Have you ever noticed the similarities between crackers and cookies? To start with, they both start with “c”. Then there is the fact that they are both finger foods and important additions to the table at most parties. But anyone can easily tell you the differences between cookies and crackers. The differences far outweigh the similarities. Usually cookies are soft (unless you’re a baker like me and forget to set the timer while they’re baking), but crackers are usually crunchy. Cookies can stand alone, although they also know how to work well with a glass of milk or dish of ice-cream. Crackers almost always depend upon cheese to make their flavor complete. Cookies are sweet and pleasing to the taste buds; while crackers are dry and salty (an excellent combination to make one thirsty).
So I started thinking about my life and relationships with those around me. I started wondering if I am a cracker or a cookie to my family, friends, students, social media friends… And then I started to become ashamed of myself because I often have exhibited all the traits of a cracker.
One of the most important parts of a relationship is being able to understand and forgive. In other words, staying soft! Staying soft means not immediately jumping to conclusions or becoming offended by the littlest of things. I’m afraid that I often harden up the relationships around me because I misread my family and friends’ intentions. I become bitter and crunchy when I am hurt in a friendship instead of forgiving and asking God to soften the misunderstanding.
Often I think that I need to have “cheese” around me because I’m not enough on my own. I need just the right brand of clothing, just the perfect personality, just the…. (you fill it in). We, humans, surround our lives with the things we think will make people accept us and find us special. We then follow the crowd and popular thought so that we continue to fit in. We are simply a cracker. Whereas a cookie knows that its Baker made it special enough just as it is and doesn’t need to find acceptance through anything or anyone.
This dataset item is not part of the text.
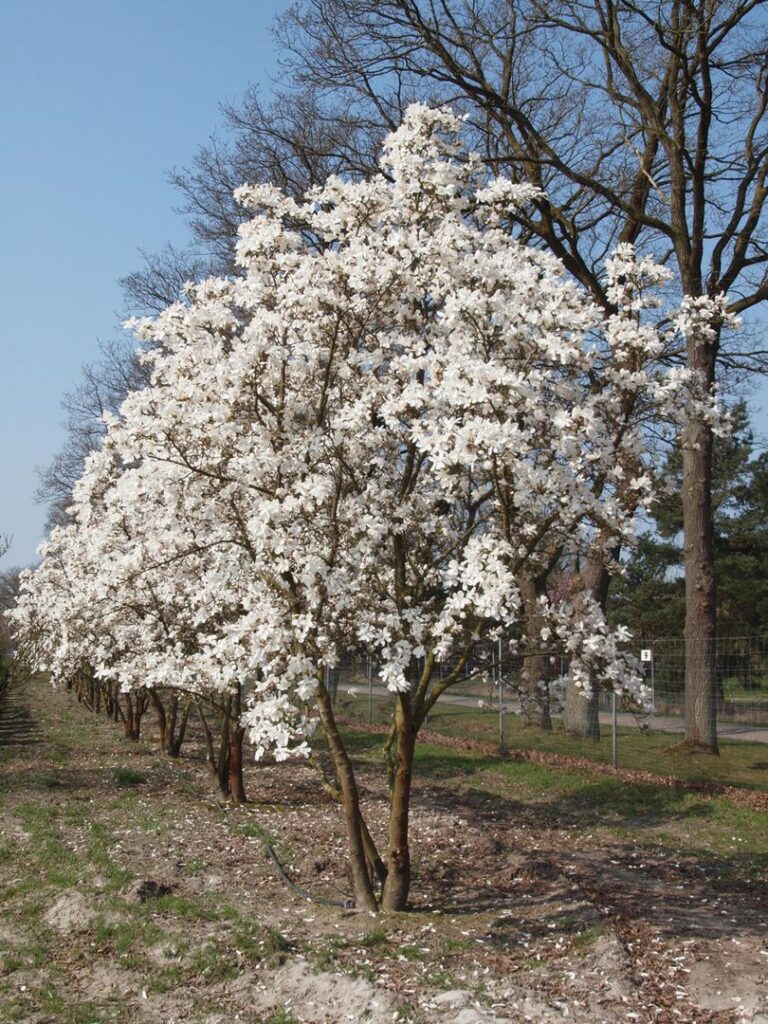 Magnolia loebneri Merrill4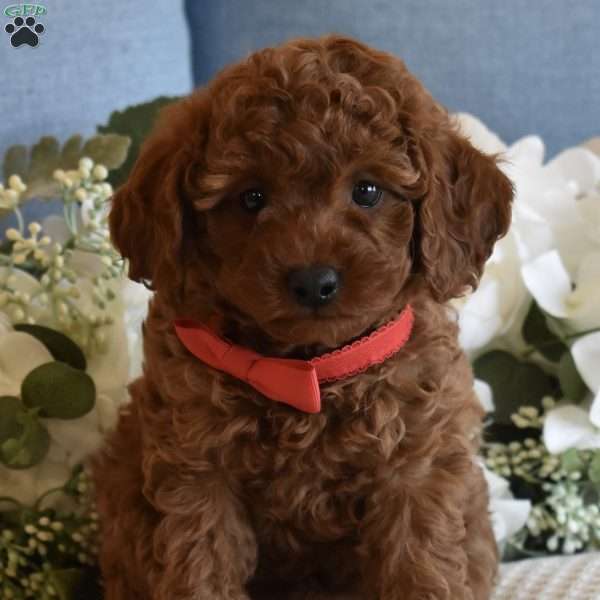 Miles, Toy Poodle Puppy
And it’s good to remember that true friends will love us just as we are, with our quirky chocolate chips, M&M’s, or peanut-butter flavor, and won’t care what brand of flour we wear or the size of the kitchen we live in. A cookie will also work well with others, but it still will know how to think on its own and stand up for what it believes.
What about after I leave a reunion, party, or one-on-one chat? Have I left a pleasing reputation? Have I helped to share the workload? Do I leave a sweet taste behind? Or do I leave relationships feeling dry and thirsty because I was taking instead of giving? I know what it feels like to get off of the phone feeling exhausted because I spent the entire time listening to the other person’s problems. I know the eye-rolls I give when I read yet another facebook status from someone that uploads a complaint about five times every hour. I know the frustration of having company and waiting like a servant on them while not even receiving a thank-you. I know when other people are like crackers, but do I pay attention to myself and know when I am leaving relationships parched?
It’s easy to be a cracker- doesn’t take practice, doesn’t take extra thought, doesn’t call for a change.
But working to be a cookie will be a challenge. It doesn’t come naturally for most people, including myself. But with the help of my Baker, I’m gonna work at being the best cookie I can be so I can sweeten up all the relationships around me!
Colossians 3:12-14 (ESV)Put on then, as God’s chosen ones, holy and beloved, compassionate hearts, kindness, humility, meekness, and patience, bearing with one another and, if one has a complaint against another, forgiving each other; as the Lord has forgiven you, so you also must forgive. And above all these put on love, which binds everything together in perfect harmony.